There are a number of screening and diagnostic tests that can be run to help determine whether your pet has Cushing’s disease. There are also other tests that can help determine the cause of the Cushing’s disease: pituitary or adrenal. Most small breed dogs have the pituitary form (i.e no adrenal tumour).

For the blood tests that require a stay in the hospital, it is preferable that your pet is fasted overnight – continue access to water but offer no food after 8 pm. Please also try to avoid overexcitement or stress prior to dropping off. Some people prefer to bring the pet back at the scheduled times to reduce stress.

Screening tests

A number of screening tests, both blood and urine tests can be useful in the diagnosis of Cushing’s disease. 

Complete blood count (CBC)

Red blood cell, white blood cell and platelet count.

An increase in white blood cells can indicate Cushing’s disease due to excess cortisol or underlying inflammation.

Biochemistry

An indication of liver, kidney and pancreas function

An increase in blood glucose, liver enzymes, blood lipid and cholesterol can indicate Cushing’s disease.

Urinalysis

Diluted urine can indicate an increase in the consumption of water, which can occur in Cushing’s disease.

An infection can also occur in dogs with Cushing’s disease.

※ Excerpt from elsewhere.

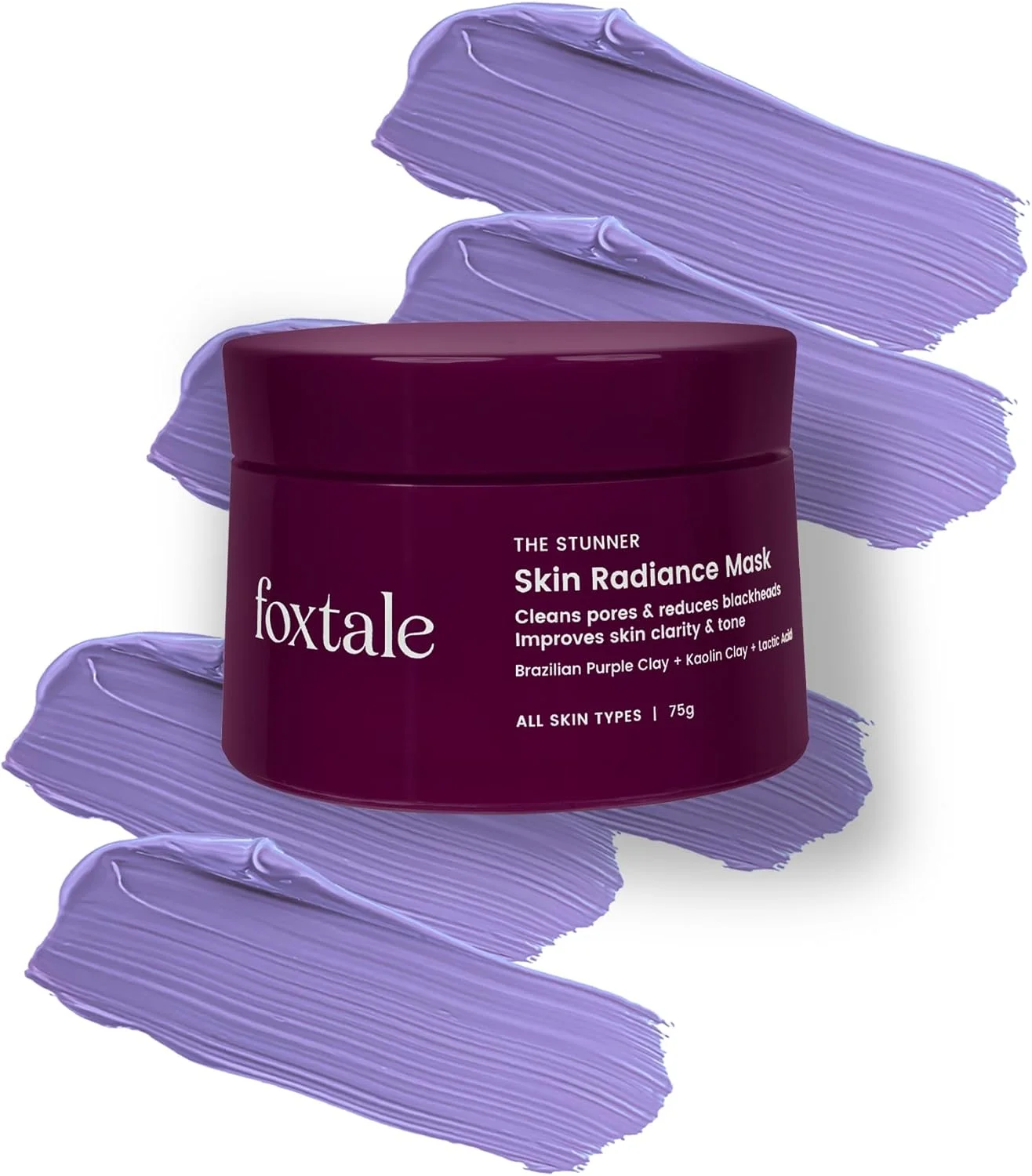 ماسک صورت روشن کننده پوست Foxtale | ماسک خاک رس با اسید لاکتیک برای رفع تیرگی، کاهش جوش های سرسیاه، روشن کننده فوری | ماسک صورت آبرسان مناسب انواع پوست | آقایان و بانوان - 75 گرم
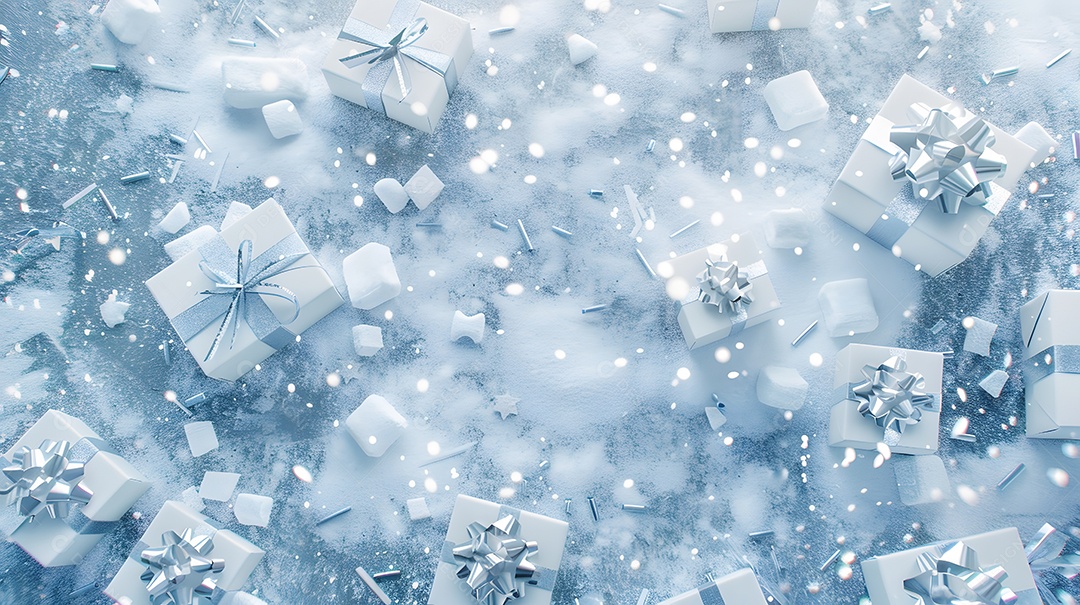 Caixas de presente brilhantes espalhadas na neve gelada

The presence of glucose in the urine can indicate concurrent diabetes.

 

Diagnostic blood tests

Endogenous ACTH assay A blood test used to help differentiate between pituitary-related Cushing’s disease and adrenal-related Cushing’s disease. An increased endogenous ACTH may indicate a pituitary-related Cushing’s disease. A normal endogenous ACTH does not rule out pituitary-related Cushing’s disease. NOT ROUTINELY USED
ACTH stimulation test This blood test is run in the hospital and requires 2 blood samples. ACTH is a hormone produced by the pituitary gland in the brain. When cortisol increases, ACTH levels drop. The ACTH stimulation test checks the pet’s adrenal glands to produce cortisol following an injection of synthetic ACTH. The first blood sample is taken before the injection and the 2nd blood sample is taken 2 hours after the injection. An exaggerated increase of cortisol following the injection is found in pets with Cushing’s disease. THIS IS USUALLY THE TEST WE USE TO ASSESS RESPONSE TO THE TREATMENT, IT IS SOMETIMES USED AS AN INITIAL TEST AS WELL.
Low-dose Dexamethasone Suppression Test This blood test is run in the hospital and requires 3 blood samples. The first sample is taken before the dexamethasone injection, the 2nd sample at 4 hours after the injection and the 3rd sample at 8 hours after the injection. High cortisol readings at every reading are indicative of adrenal-related Cushing’s and a moderate decrease in cortisol levels may indicate pituitary-related Cushing’s. THIS IS USUALLY THE FIRST SCREENING TEST WE USE AT CRONULLA VETERINARY CLINIC
High-dose Dexamethasone Suppression Test 

This blood test is run in the hospital and requires 3 blood samples. This test helps to distinguish between pituitary-related and adrenal-related Cushing’s disease and is run when there is no reduction in cortisol levels after a Low-dose dexamethasone suppression test. A reduction in cortisol levels after a higher dose of dexamethasone may indicate pituitary-related Cushing’s and no change in levels may indicate an adrenal-related Cushing’s disease. NOT ROUTINELY USED.

 

Diagnostic imaging tests

Radiographs or ultrasound May be required to determine whether an adrenal tumour is present. 
MRIs or CTs

May be required to determine if a pituitary or adrenal tumour is present.